### Work to be completed
Among the entries that follow, the required portion opens with the line containing "syriairisk - ML645985193" and closes with the line containing "Antieke Greyhound Briefkaart". Give that portion again exactly, and nothing else.

### Supplied records
------------------------
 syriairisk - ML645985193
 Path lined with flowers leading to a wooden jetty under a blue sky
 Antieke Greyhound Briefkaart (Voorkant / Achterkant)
------------------------
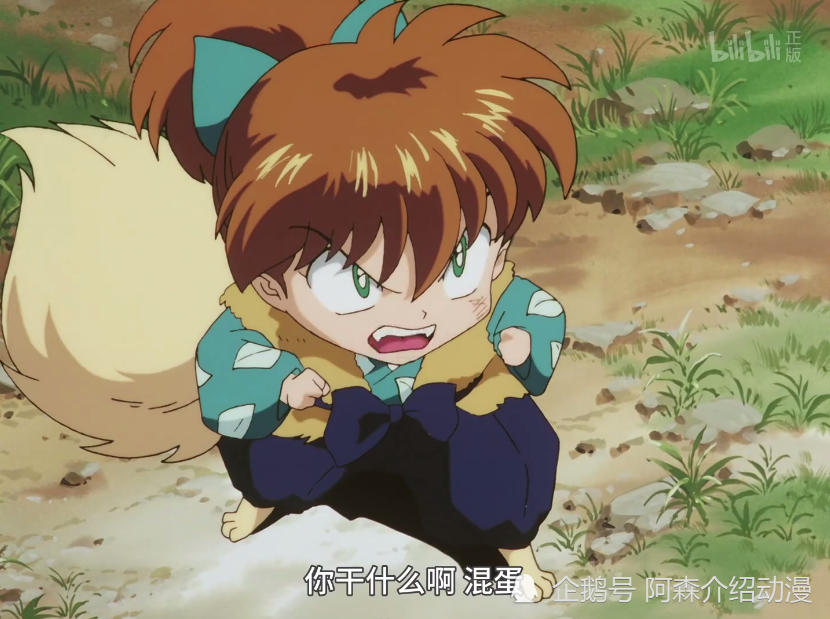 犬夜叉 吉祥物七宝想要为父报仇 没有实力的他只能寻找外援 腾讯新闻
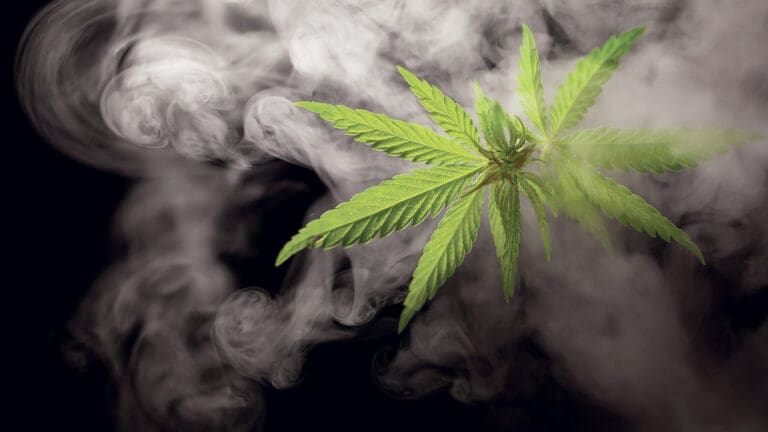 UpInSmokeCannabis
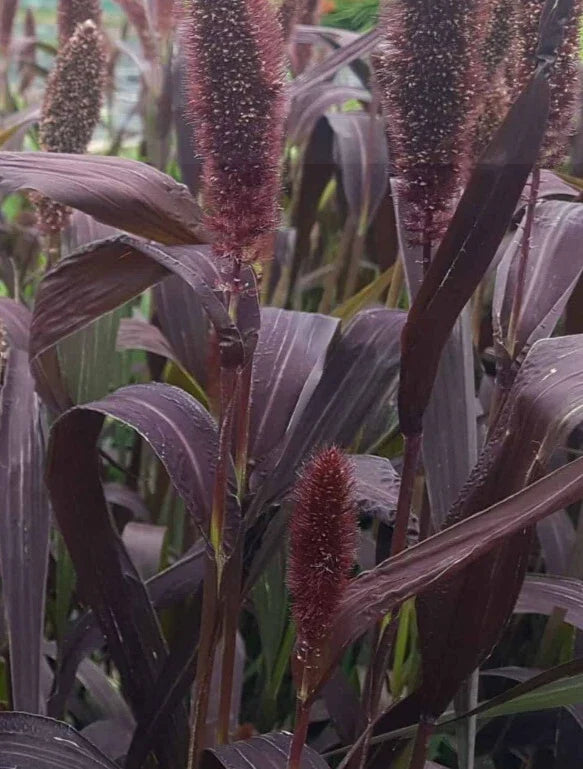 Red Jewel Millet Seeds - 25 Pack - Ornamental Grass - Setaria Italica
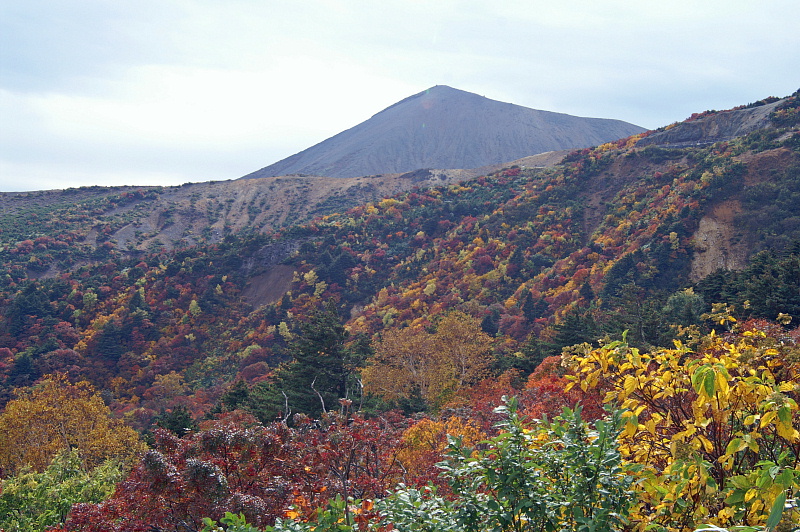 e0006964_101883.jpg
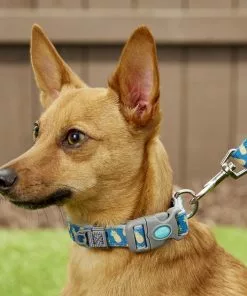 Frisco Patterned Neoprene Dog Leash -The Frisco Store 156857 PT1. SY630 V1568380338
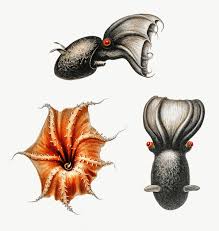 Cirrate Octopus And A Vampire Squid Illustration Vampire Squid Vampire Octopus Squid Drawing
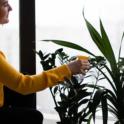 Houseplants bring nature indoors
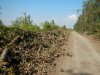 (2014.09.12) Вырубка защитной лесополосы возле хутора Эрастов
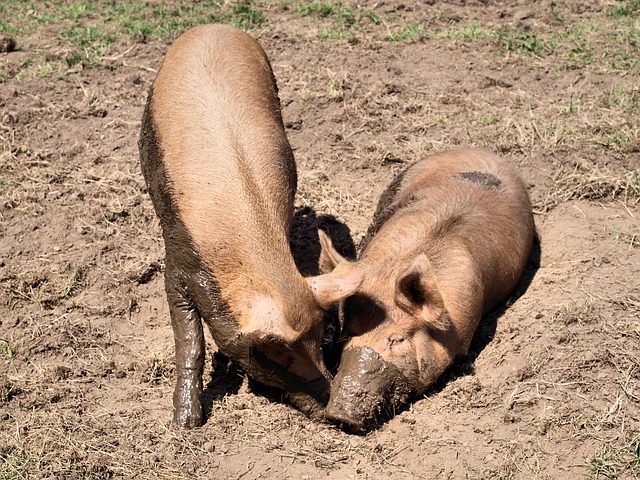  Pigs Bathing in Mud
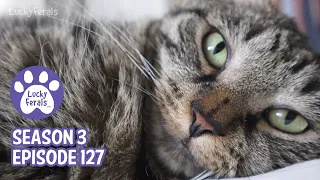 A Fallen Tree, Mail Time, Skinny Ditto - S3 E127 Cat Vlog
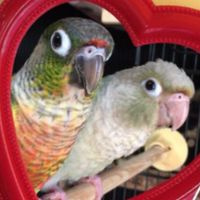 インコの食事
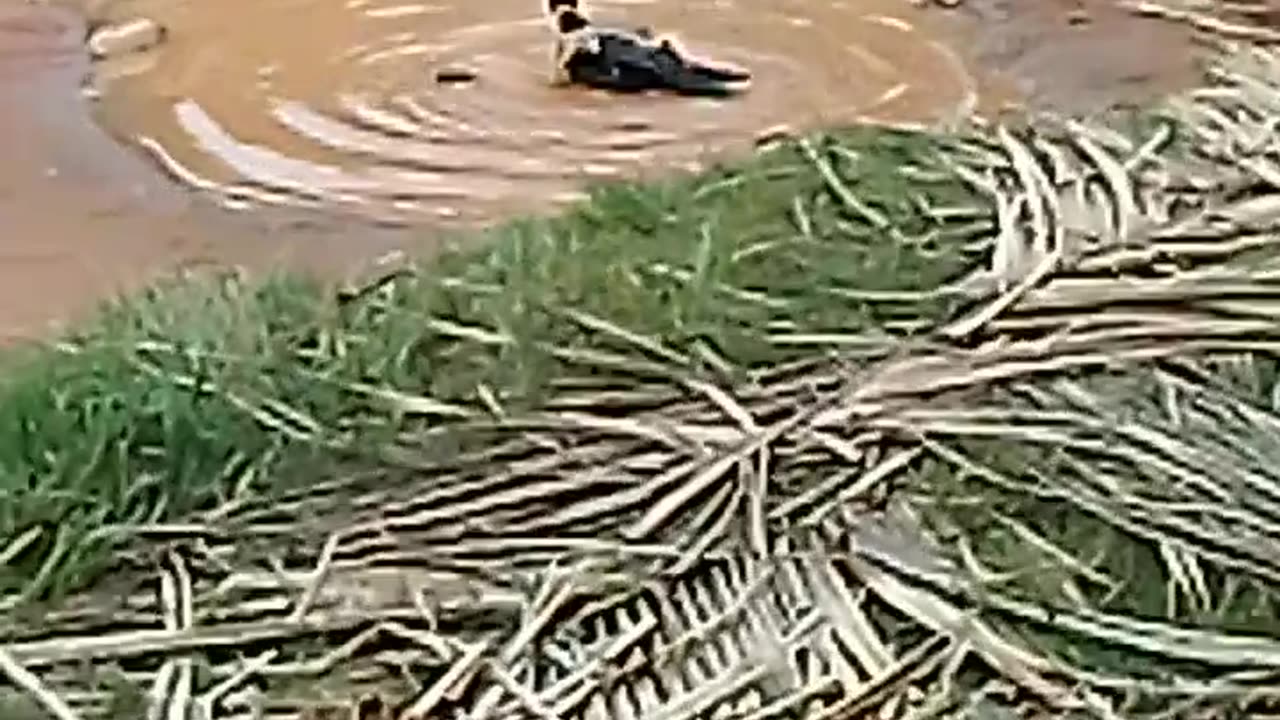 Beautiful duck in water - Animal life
------------------------
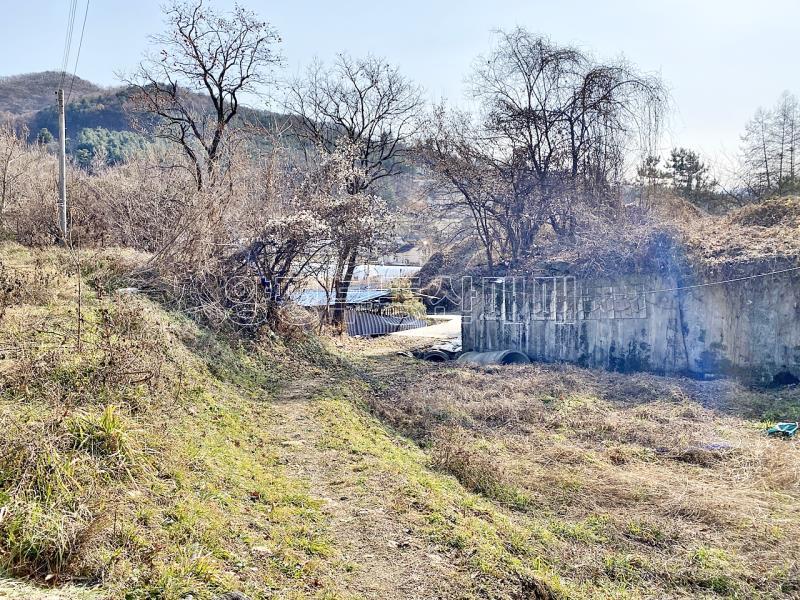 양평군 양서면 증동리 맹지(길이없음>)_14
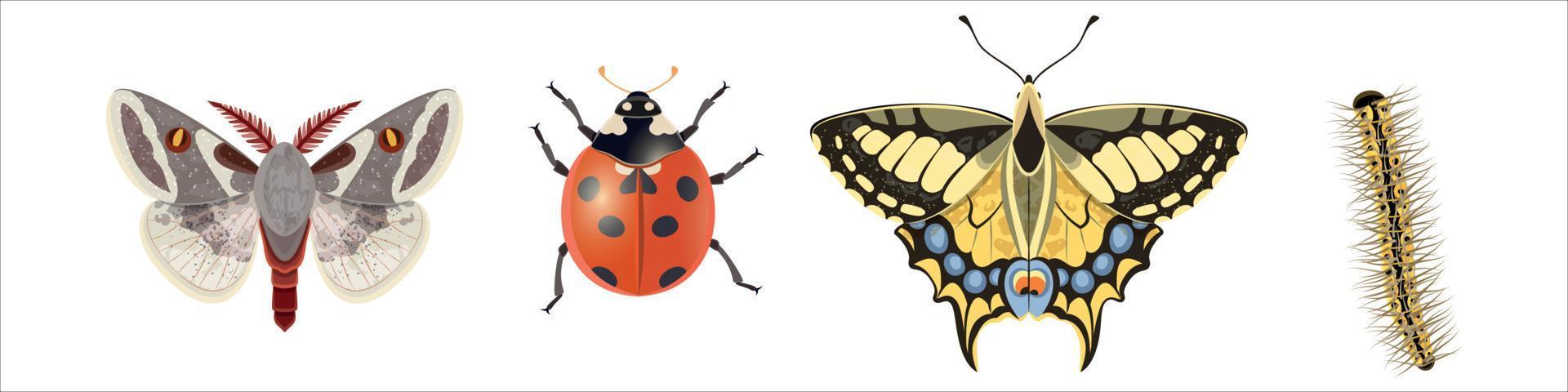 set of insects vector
------------------------
### The answer
 syriairisk - ML645985193
 Path lined with flowers leading to a wooden jetty under a blue sky
 Antieke Greyhound Briefkaart (Voorkant / Achterkant)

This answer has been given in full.